Arc Forumnew | comments | leaders | submitlogin
Profiler on Anarki
12 points by raymyers 6134 days ago | 16 comments
I've thrown together a basic profiler with an interface loosely based on the SBCL deterministic profiler.

http://www.sbcl.org/manual/Deterministic-Profiler.html

Lo!

  arc> (load "lib/profiler.arc")
  nil
  arc> (load "lib/treeparse.arc")
  nil
  arc> (profile many anything range many-r)
  *** redefining many
  *** redefining anything
  *** redefining range
  *** redefining many-r
  nil
  arc> (time (do ((many anything) (range 1 5000)) nil))
  time: 1512 msec.
  nil
  arc> (profiler-report)
  ((many-r 863) (range 647) (many 0) (anything 0))
  nil
  arc> (unprofile many anything range many-r)
  nil


3 points by almkglor 6134 days ago | link

nice ^^. I'll be trying to hack this into Arki's parser and see how things go.

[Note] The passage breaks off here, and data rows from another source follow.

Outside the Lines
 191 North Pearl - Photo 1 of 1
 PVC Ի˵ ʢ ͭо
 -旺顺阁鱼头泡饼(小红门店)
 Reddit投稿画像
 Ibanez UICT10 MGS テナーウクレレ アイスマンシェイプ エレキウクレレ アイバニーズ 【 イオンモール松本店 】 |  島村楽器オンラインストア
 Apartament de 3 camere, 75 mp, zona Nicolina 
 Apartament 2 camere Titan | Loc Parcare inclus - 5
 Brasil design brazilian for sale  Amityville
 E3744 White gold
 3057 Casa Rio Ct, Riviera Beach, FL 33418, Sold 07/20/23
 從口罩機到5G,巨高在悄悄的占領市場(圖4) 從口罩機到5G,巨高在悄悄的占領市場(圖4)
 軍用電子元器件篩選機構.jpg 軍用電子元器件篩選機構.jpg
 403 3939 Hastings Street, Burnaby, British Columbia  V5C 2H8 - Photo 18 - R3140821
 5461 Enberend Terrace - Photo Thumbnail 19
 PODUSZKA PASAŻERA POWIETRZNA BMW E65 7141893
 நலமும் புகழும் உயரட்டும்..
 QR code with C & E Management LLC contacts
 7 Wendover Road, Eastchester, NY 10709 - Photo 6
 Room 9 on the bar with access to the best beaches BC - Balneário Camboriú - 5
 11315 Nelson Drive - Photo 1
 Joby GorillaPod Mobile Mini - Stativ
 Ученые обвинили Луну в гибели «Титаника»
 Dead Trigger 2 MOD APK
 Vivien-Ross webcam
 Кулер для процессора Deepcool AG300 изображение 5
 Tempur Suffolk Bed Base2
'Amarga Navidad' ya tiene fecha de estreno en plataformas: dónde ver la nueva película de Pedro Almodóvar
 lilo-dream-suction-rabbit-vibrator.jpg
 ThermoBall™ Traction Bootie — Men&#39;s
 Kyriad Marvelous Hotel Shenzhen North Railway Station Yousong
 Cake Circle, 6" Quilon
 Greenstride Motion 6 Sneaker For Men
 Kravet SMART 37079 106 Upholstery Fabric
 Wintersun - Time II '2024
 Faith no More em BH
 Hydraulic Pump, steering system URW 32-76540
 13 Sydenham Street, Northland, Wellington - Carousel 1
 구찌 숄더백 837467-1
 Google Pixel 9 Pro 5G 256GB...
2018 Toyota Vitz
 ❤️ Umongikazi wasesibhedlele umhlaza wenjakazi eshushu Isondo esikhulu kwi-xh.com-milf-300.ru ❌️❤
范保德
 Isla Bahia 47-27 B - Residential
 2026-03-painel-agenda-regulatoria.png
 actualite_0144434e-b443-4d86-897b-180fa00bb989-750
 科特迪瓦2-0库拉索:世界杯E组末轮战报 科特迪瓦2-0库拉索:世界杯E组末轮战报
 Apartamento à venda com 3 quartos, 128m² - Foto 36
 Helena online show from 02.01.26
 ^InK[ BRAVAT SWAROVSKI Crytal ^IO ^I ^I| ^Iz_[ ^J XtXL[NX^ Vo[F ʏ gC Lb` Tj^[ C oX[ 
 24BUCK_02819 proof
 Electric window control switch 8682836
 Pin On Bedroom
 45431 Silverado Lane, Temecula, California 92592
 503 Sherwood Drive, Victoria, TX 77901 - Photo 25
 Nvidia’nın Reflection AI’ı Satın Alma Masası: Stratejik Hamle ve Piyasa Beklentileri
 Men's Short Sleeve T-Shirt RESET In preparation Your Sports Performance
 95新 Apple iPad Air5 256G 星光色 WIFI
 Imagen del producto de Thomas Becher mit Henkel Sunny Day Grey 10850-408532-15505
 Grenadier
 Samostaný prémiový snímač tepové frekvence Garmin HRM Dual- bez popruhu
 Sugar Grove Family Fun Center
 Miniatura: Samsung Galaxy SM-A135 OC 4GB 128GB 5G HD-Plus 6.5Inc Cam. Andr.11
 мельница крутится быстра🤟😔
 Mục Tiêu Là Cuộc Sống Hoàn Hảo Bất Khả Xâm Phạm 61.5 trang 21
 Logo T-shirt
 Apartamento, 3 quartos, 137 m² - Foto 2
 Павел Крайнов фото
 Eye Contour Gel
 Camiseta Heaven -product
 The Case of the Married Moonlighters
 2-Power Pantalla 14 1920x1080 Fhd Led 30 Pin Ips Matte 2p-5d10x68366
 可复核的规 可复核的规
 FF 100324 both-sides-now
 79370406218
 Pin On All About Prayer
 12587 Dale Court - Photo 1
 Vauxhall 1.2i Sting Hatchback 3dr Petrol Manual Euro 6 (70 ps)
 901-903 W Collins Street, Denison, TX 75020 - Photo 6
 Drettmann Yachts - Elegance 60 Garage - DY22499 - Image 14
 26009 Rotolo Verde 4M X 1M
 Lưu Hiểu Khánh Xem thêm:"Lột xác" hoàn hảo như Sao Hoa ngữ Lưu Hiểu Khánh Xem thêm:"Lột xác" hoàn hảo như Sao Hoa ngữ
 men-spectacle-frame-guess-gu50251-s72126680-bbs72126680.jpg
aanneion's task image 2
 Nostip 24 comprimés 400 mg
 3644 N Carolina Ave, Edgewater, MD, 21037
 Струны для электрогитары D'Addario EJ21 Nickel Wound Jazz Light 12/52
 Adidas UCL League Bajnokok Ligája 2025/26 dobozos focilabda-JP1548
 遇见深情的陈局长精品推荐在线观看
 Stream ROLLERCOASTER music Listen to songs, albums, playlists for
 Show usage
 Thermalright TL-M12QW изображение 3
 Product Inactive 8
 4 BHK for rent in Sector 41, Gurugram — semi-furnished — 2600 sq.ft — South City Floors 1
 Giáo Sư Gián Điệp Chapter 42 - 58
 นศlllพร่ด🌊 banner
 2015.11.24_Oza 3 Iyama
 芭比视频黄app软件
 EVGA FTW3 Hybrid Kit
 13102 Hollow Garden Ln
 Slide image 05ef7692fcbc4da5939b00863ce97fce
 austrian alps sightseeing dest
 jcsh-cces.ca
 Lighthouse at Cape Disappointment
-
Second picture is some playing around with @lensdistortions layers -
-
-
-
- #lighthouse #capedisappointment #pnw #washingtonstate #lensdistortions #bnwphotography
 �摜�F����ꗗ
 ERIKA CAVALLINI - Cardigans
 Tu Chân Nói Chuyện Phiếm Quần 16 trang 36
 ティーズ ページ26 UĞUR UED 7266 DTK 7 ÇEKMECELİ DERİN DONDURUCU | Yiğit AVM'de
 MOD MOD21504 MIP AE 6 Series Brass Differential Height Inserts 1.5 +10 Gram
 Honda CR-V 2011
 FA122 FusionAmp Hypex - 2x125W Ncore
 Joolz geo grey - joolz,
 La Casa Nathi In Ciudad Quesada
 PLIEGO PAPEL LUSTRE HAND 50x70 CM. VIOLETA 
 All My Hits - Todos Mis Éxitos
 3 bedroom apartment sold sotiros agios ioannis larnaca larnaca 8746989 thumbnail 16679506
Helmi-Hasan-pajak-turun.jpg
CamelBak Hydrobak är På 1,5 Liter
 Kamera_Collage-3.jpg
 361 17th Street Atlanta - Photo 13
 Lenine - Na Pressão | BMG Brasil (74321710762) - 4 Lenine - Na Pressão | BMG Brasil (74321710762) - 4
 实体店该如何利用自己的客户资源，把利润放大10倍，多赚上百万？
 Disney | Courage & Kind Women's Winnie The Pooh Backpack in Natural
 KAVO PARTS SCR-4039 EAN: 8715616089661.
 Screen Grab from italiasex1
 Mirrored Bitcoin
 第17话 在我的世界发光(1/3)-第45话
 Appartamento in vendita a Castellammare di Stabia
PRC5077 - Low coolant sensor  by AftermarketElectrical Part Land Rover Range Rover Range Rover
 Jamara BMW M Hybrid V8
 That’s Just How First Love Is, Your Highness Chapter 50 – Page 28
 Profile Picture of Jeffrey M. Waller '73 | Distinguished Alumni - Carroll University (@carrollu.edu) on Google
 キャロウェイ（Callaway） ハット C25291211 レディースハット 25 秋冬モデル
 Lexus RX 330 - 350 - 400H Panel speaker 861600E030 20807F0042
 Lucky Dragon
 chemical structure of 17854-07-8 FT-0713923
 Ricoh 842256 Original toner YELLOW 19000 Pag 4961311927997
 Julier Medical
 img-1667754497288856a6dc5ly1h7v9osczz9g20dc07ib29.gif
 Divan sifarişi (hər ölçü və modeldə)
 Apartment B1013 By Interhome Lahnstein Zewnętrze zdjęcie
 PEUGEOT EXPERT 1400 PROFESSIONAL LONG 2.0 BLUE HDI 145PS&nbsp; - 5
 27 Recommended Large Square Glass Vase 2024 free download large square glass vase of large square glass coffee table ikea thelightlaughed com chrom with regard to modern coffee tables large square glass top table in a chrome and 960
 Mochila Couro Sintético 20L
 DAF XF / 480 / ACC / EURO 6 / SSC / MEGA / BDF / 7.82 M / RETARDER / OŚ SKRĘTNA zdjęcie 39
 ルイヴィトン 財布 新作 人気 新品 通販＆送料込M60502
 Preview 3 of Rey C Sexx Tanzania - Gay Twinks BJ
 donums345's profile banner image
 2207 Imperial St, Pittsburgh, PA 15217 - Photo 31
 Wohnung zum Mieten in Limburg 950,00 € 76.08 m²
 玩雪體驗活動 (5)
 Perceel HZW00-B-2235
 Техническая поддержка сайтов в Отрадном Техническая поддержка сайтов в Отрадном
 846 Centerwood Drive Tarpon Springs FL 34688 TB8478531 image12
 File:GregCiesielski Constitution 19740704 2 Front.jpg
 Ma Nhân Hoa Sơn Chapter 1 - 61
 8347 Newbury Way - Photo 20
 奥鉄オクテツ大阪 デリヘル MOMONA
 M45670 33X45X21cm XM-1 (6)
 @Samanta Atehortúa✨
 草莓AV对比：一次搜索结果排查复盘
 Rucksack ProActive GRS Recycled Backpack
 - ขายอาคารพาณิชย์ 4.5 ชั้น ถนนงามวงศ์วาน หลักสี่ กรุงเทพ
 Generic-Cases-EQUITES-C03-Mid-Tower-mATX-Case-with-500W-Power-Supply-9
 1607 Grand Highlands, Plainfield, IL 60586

Another parsing approach I've seen floating around is to use continuations - have a "pass" continuation and a "fail" continuation. It would still approximately be using combinators, but basic parsers would look more like this:

  (def lit (v)
    (fn (remaining pass fail)
      (if (caris remaining v) (pass (list:car remaining) (cdr remaining) nil)
                              (fail))))

  (def alt-l (parsers)
    (if parsers
      (withs ((parser . parsers) parsers
              next (alt-l parsers))
        (fn (remaining pass fail)
          (parser remaining
            pass
            (fn ()
              (next remaining pass fail)))))
      (fn (_ _ fail) (fail))))
Hmm.

-----

1 point by raymyers 6134 days ago | link

Interesting. Wouldn't the continuation approach be slower though?

-----

1 point by almkglor 6134 days ago | link

Not sure; might actually be faster, since supposedly scheme is much more continuation-friendly than lazy-evaluation-friendly. Or not, I'm not sure

Anyway I haven't managed to wrap my head around how to implement 'seq in a continuation style; also, there's the problem of how 'cut on a parser would work in a nonlazy language - supposedly as soon as the parser given to 'cut consumes anything, 'cut will somehow dispose the 'fail continuation. I'd assume 'cut will be nearer to cut-seq, which would approximately be a cut:seq -

  (def cut-seq (parser . rest)
    (let next (seq rest)
      (fn (remaining pass fail)
        (parser
          ; since the name "remaining" is reused here,
          ; a smart compiler should be able to
          ; dispose of the outer function's remaining
          (fn (parsed remaining actions)
            (next remaining
                  (fn (parsed2 remaining actions2)
                      (pass (+ parsed parsed2)
                            remaining
                            (+ actions actions2)))
                  [err "parse error!"]]))
          fail))))
Since fail is disposed upon continuing to next (which is the rest of the sequence) everything which fail holds could then be reclaimed. 'alt's pass is its own pass, but its 'fail contains a closure.

-----

1 point by almkglor 6134 days ago | link

The nice thing here too is that we completely lose the 'return structure. The current code keeps composing and decomposing it anyway. Hmm:

  (def filt (fun parser)
    (fn (remaining pass fail)
      (parser remaining
        (fn (parsed remaining actions)
          (pass (fun parsed) remaining actions))
        fail)))
If we assume that the base compiler isn't very optimizing (i.e. captures closures when it doesn't need to) we could use helper functions for new 'pass functions:

  (let new-pass
       (fn (fun pass)
         (fn (parsed remaining actions)
           (pass (fun parsed) remaining actions)))
    (def filt (fun parser)
      (fn (remaining pass fail)
        (parser remaining
                (new-pass fun pass)
                fail))))

-----

2 points by almkglor 6134 days ago | link

I've just built a continuation-approach parser combinator library, pushed on the git. It's currently faster on 'many and 'seq, but slower on 'alt. It's considerably faster on Arki's use case, however (about 33% less time).

-----

2 points by raymyers 6133 days ago | link

From the comments: "...continuation-passing style, which is hard on the eyes..."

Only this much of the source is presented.